For guidance, The Times asked more than a dozen epidemiologists about the next phase of the pandemic and how they’re approaching it.
Living with the virus “is an acknowledgment that eradication of SARS-CoV-2, like what we did with smallpox, is not feasible,” said Maria Sundaram, an infectious disease epidemiologist at the Marshfield Clinic Research Institute.
Instead, we’ll need to rely on an arsenal of tools — including vaccines, paid sick leave and masks — to coexist with the virus while reducing our own risk and protecting others.
Eventually, the thinking goes, we’ll get to a point where the coronavirus is incorporated into other common viruses we are used to dealing with all the time, said Pia MacDonald, an infectious disease epidemiologist at RTI International, a nonprofit research institute. “We should each reflect on how we live with other viruses that routinely circulate, such as influenza, respiratory syncytial virus, noroviruses and others.”
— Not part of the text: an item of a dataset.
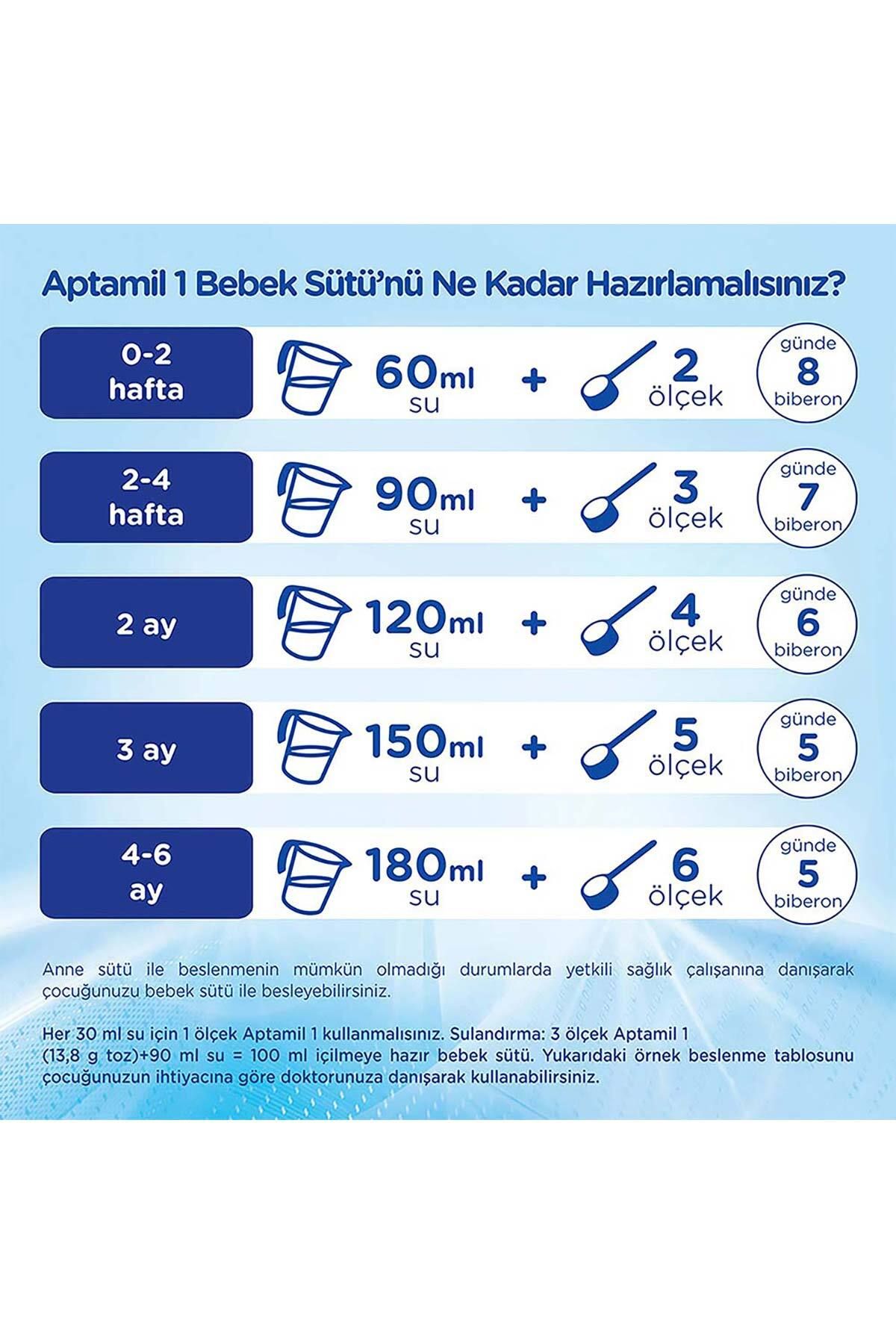 1 Bebek Sütü 3x1200 gr 0-6 Ay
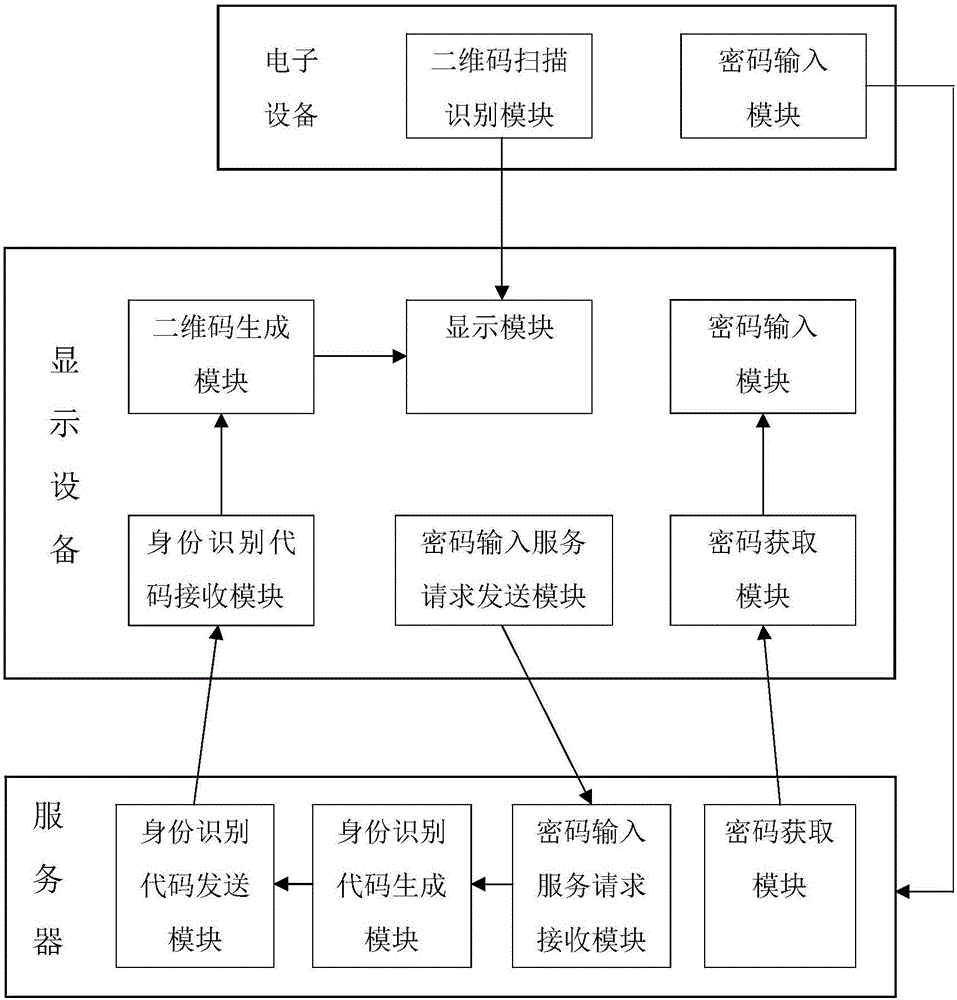 一种用于显示设备的密码安全输入方法及其设备和系统与流程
That’s going to require a huge mental shift and acceptance of “a new element of manageable risk in our lives,” said Eduardo Franco, the director of the Division of Cancer Epidemiology at McGill University. “It means reacquiring behaviors, attitudes and social norms,” that have always been part of who we are.
In practice, this readjustment will vary widely for different people depending on our personal health circumstances and the needs of those closest to us.
“My family has moved away from restricting our activities as the Omicron surge has receded,” said Kate Eisenberg, an assistant professor of family medicine at the University of Rochester. “We do not have anyone with high-risk health conditions in the household, and we’re all vaccinated and boosted.”
Ms. Eisenberg is currently planning some family trips, including air travel, and she is allowing her 12- and 15-year-old children to participate in most social activities. She has been avoiding indoor dining and crowded indoor settings, but as cases continue to come down, she plans to go out more.
“I am taking my daughter to a Billie Eilish concert this weekend, which we’ve really been looking forward to,” she said. “We do still wear well-fitting masks, take home tests before getting together with friends and family, and assess the level of risk and local case levels before we go out.”
For Ms. MacDonald, the drop in cases has made her more comfortable entering other people’s homes without a mask, and having her older parents over for visits.
“I will still wear a mask to the grocery store for the foreseeable future and opt for restaurants that have good ventilation and where tables are well spaced out,” she said. “So long as cases are not surging locally, I will take advantage of mixing with my community at music, movie, theater and other venues, though will likely wear a mask out of habit.”
For many Americans, however, any big adjustments are still on hold until young children can get vaccinated.
“Our children are both in child care, and we’ll go into uncrowded shops, museums and libraries with masks on, though we don’t do any indoor dining and haven’t flown on a plane,” said Julianne Meisner, a clinical assistant professor at the University of Washington School of Public Health.
But after her 1- and 3-year old are vaccinated, she said, “we’re planning to resume indoor dining and take some trips to visit family and take some outdoorsy vacations. But we’ll have our eye on what’s going on and be ready to revisit plans if local transmission goes up or health care capacity begins to suffer.”
After we’ve spent two years of living in fear of the virus, being asked to “live with” it now may seem daunting. But in many ways, we’ve been preparing for this moment since the outbreak and it can be easy to forget how far we’ve come.
“For the first year of the pandemic, I routinely received questions from friends, family, patients and acquaintances about how to think about risk in different situations before making decisions,” Ms. Eisenberg said. “Now, hardly anyone asks those questions and most people have settled on their own conclusions about what works for them.”